◆ **Problem to work on**
Restate the full listing word for word and leave the pictures out.

◆ **Records for this exercise**
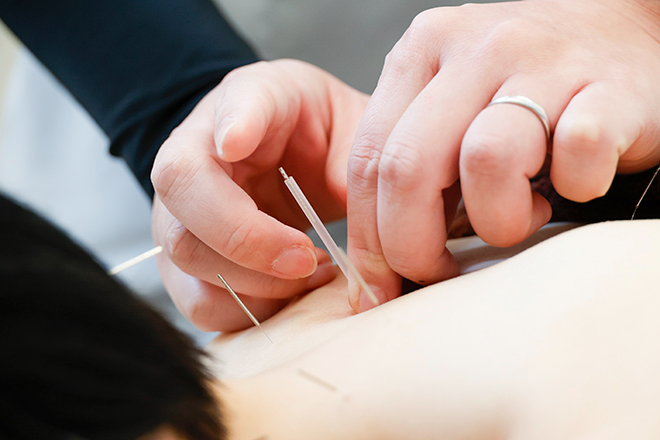 鍼灸施術で不調改善！Acupuncture treatmentのイメージ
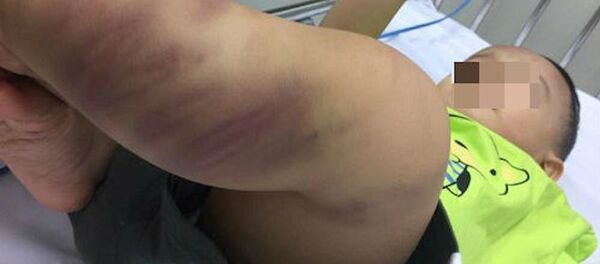 Những vết bầm tím trên cơ thể cháu bé. - Sputnik Việt Nam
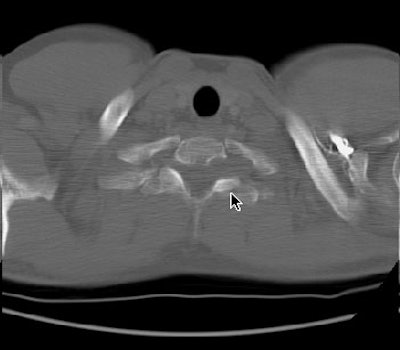 /ScottWilliamsMD2/CHEST/Mediastinum/Schwannoma/Images/Case1/ctbone.jpg (16366 bytes)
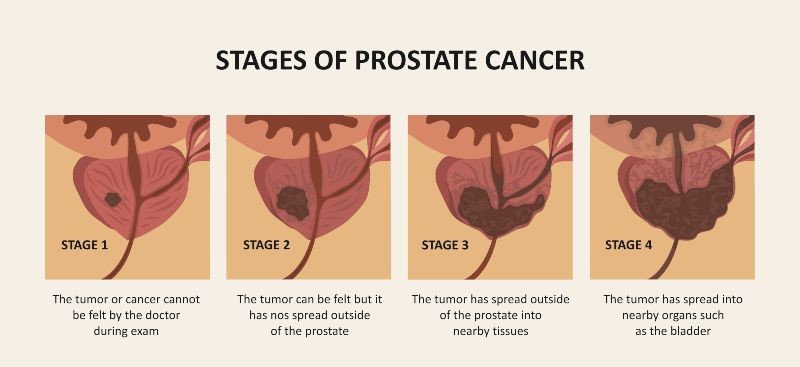 the 4 stages of prostate cancer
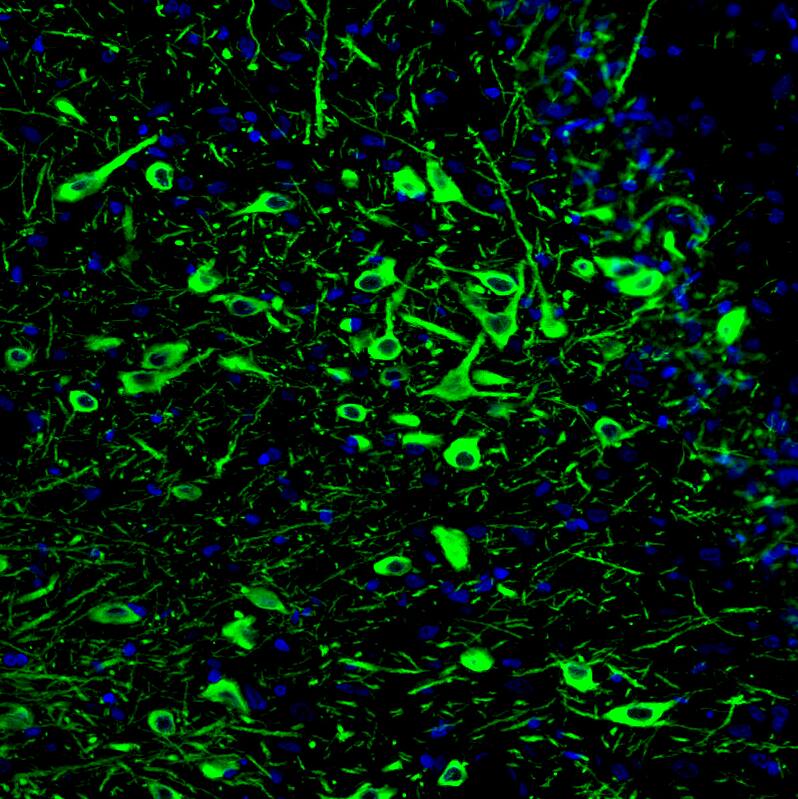 Staining of rat midbrain shows strong positivity in serotonin neurons in the dorsal raphe nucleus.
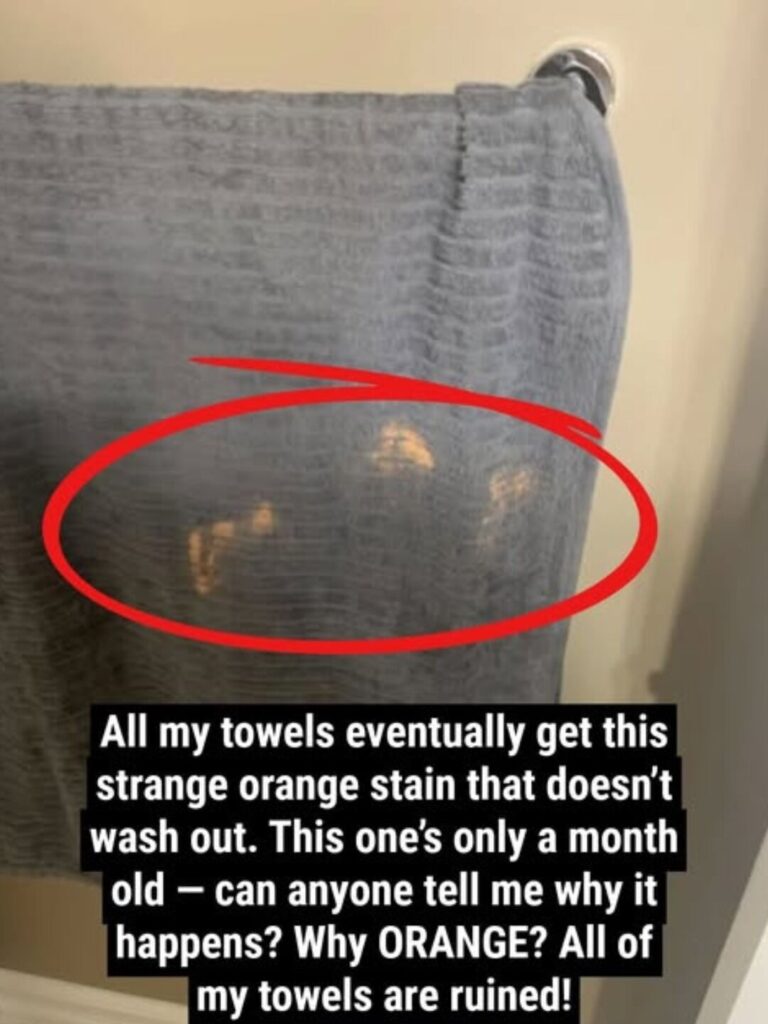 How to Recognize and Prevent Unexplained Lightened Stains on Towels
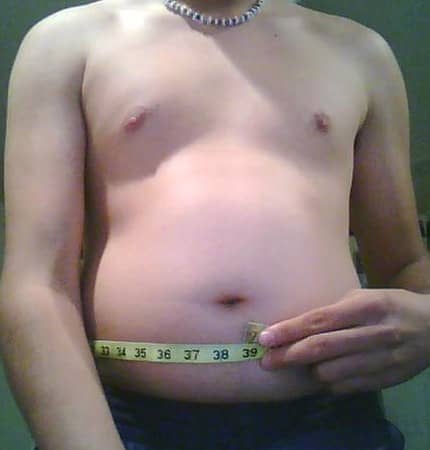 Bloated Stomach - This person clearly has blockage somewhere and has had for awhile. He could benefit from a good hydrocolonic.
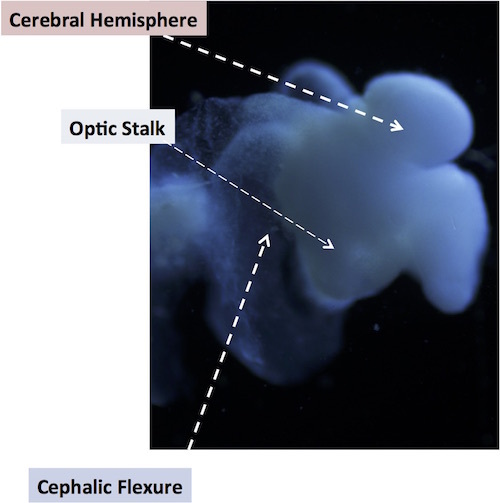 labeled brain organoid.jpg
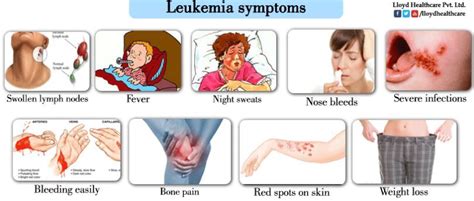 Acute Lymphoblastic Leukemia Symptoms - Latest Health News ...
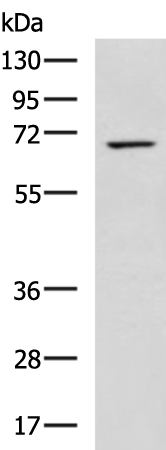 Rabbit Polyclonal Antibody to GRK4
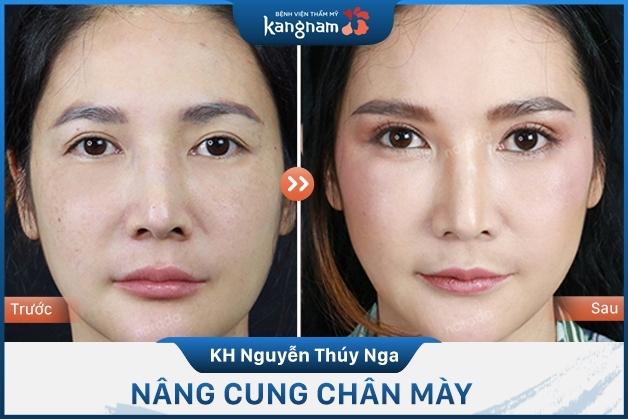 Nhan sắc trẻ trung tự nhiên sau khi treo chân mày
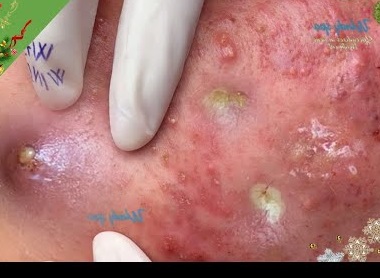 Blackheads Pimple Popper on Face 118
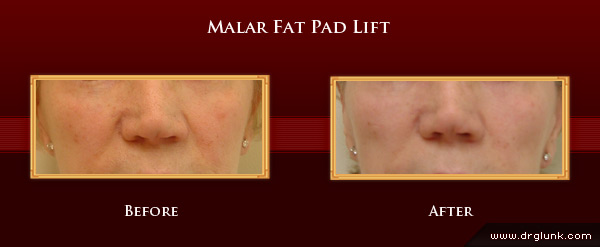Before and After Photo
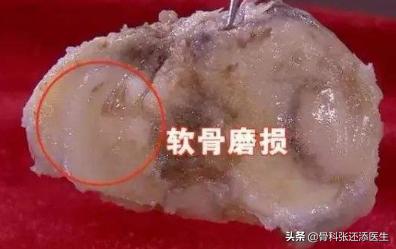 膝盖弯曲总是响是怎么回事,走路膝盖咯咯响有什么治疗方法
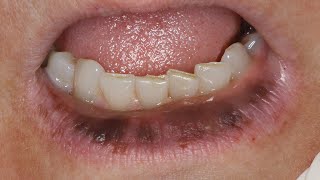 Bizarre Lip Pigmentation Case Dr Nemeths Successful Treatment Revealed [upl. by Anomahs]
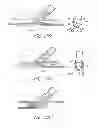 Fig. 18 - Vascular bifurcation prosthesis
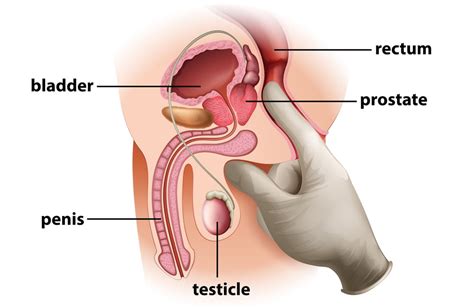 male prostate g spot 6 pics xhamster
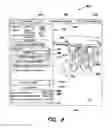 Fig. 11 - Method and apparatus for performing anterior hip surgery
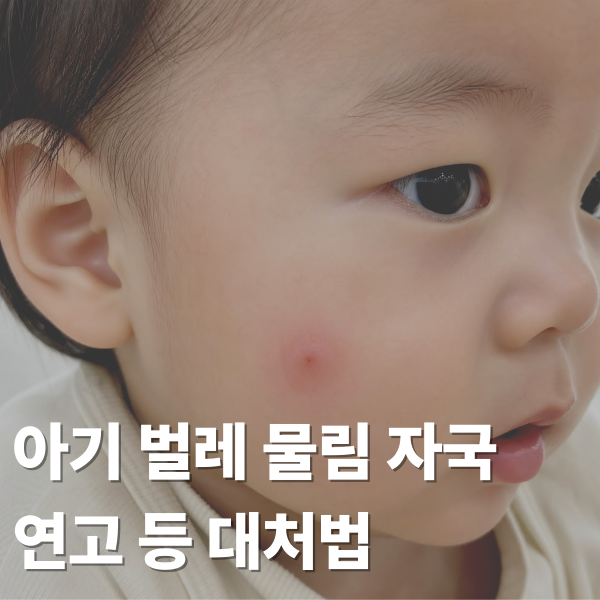 아기 벌레 물림 자국 연고 비판텐? 모기 패치? (물집, 딱딱할 때, 붓기 등 대처법)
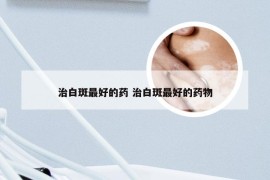 治白斑最好的药 治白斑最好的药物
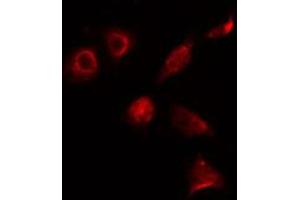ABIN6274131 staining 293 cells by IF/ICC. (ALX3 anticorps  (Internal Region))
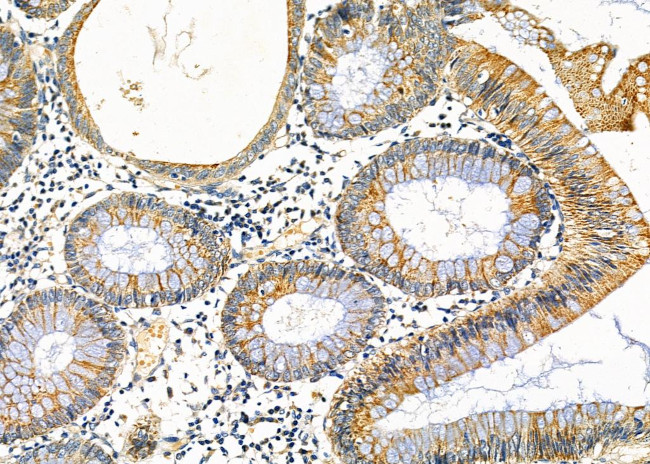 CPT2 Antibody in Immunohistochemistry (Paraffin) (IHC (P))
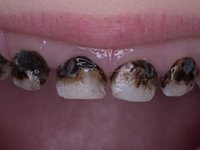 Зубы после серебрения фото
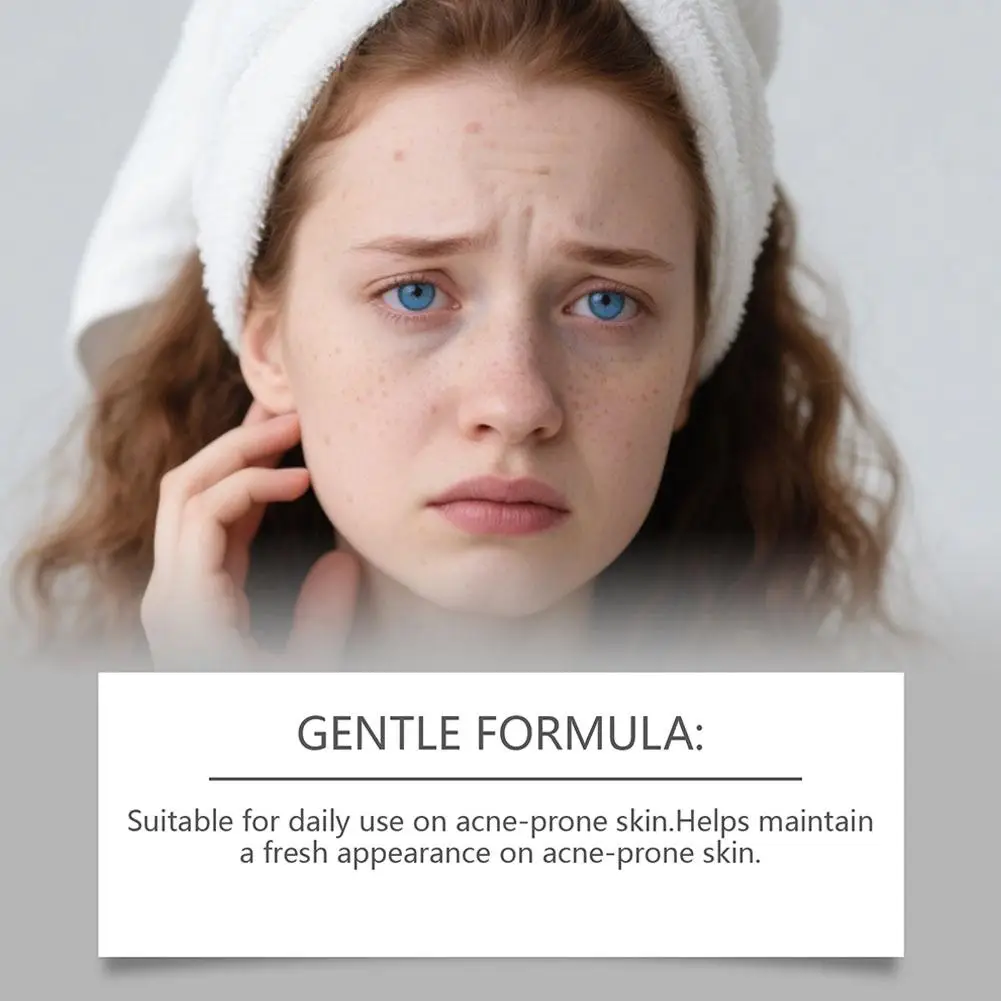 Patch de réparation d'acné, soins de la peau du visage, estompe les imperfections, mignon bouton, autocollants d'acné, outil de maquillage de beauté, 80 pièces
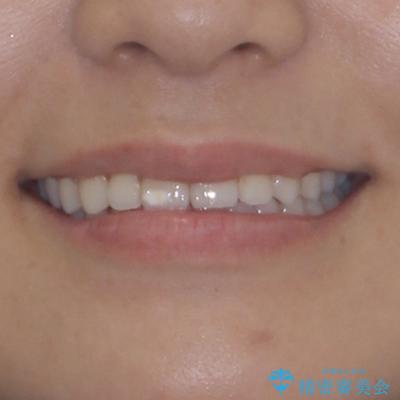 咬み合わせの乱れを改善 ワイヤー装置で楽々矯正治療の治療後(顔貌)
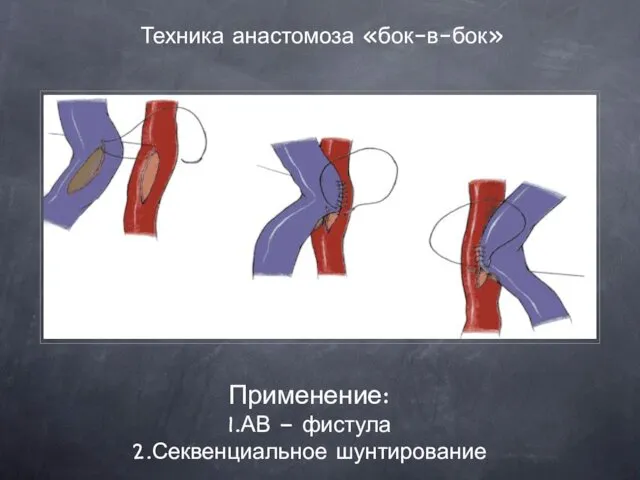 Техника анастомоза «бок-в-бок» Применение: 1.АВ – фистула 2.Секвенциальное шунтирование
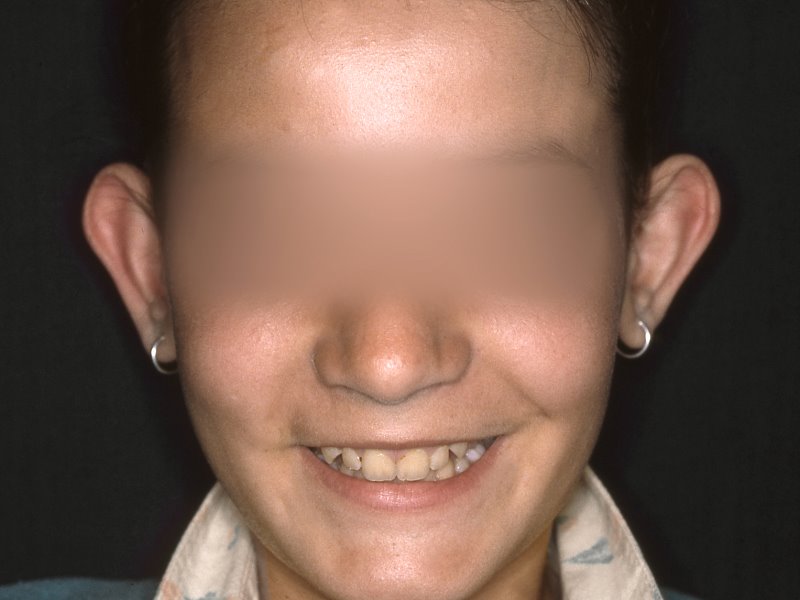 Antes - otoplastia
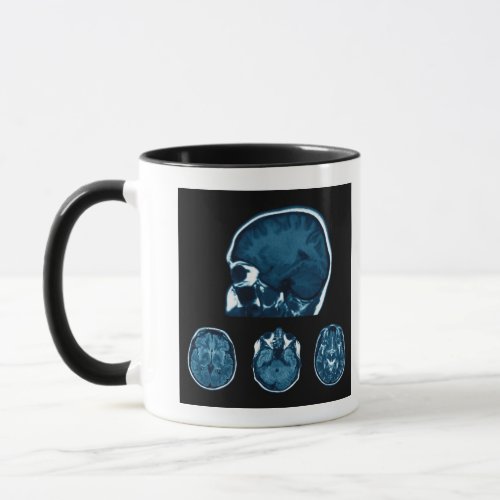 Brain Mri scan Mug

◆ **Answer box**
 鍼灸施術で不調改善！Acupuncture treatmentのイメージ
 Những vết bầm tím trên cơ thể cháu bé. - Sputnik Việt Nam
 /ScottWilliamsMD2/CHEST/Mediastinum/Schwannoma/Images/Case1/ctbone.jpg (16366 bytes)
 the 4 stages of prostate cancer
 Staining of rat midbrain shows strong positivity in serotonin neurons in the dorsal raphe nucleus.
 How to Recognize and Prevent Unexplained Lightened Stains on Towels
 Bloated Stomach - This person clearly has blockage somewhere and has had for awhile. He could benefit from a good hydrocolonic.
 labeled brain organoid.jpg
 Acute Lymphoblastic Leukemia Symptoms - Latest Health News ...
 Rabbit Polyclonal Antibody to GRK4
 Nhan sắc trẻ trung tự nhiên sau khi treo chân mày
 Blackheads Pimple Popper on Face 118
Before and After Photo
 膝盖弯曲总是响是怎么回事,走路膝盖咯咯响有什么治疗方法
 Bizarre Lip Pigmentation Case Dr Nemeths Successful Treatment Revealed [upl. by Anomahs]
 Fig. 18 - Vascular bifurcation prosthesis
 male prostate g spot 6 pics xhamster
 Fig. 11 - Method and apparatus for performing anterior hip surgery
 아기 벌레 물림 자국 연고 비판텐? 모기 패치? (물집, 딱딱할 때, 붓기 등 대처법)
 治白斑最好的药 治白斑最好的药物
ABIN6274131 staining 293 cells by IF/ICC. (ALX3 anticorps  (Internal Region))
 CPT2 Antibody in Immunohistochemistry (Paraffin) (IHC (P))
 Зубы после серебрения фото
 Patch de réparation d'acné, soins de la peau du visage, estompe les imperfections, mignon bouton, autocollants d'acné, outil de maquillage de beauté, 80 pièces
 咬み合わせの乱れを改善 ワイヤー装置で楽々矯正治療の治療後(顔貌)
 Техника анастомоза «бок-в-бок» Применение: 1.АВ – фистула 2.Секвенциальное шунтирование
 Antes - otoplastia
 Brain Mri scan Mug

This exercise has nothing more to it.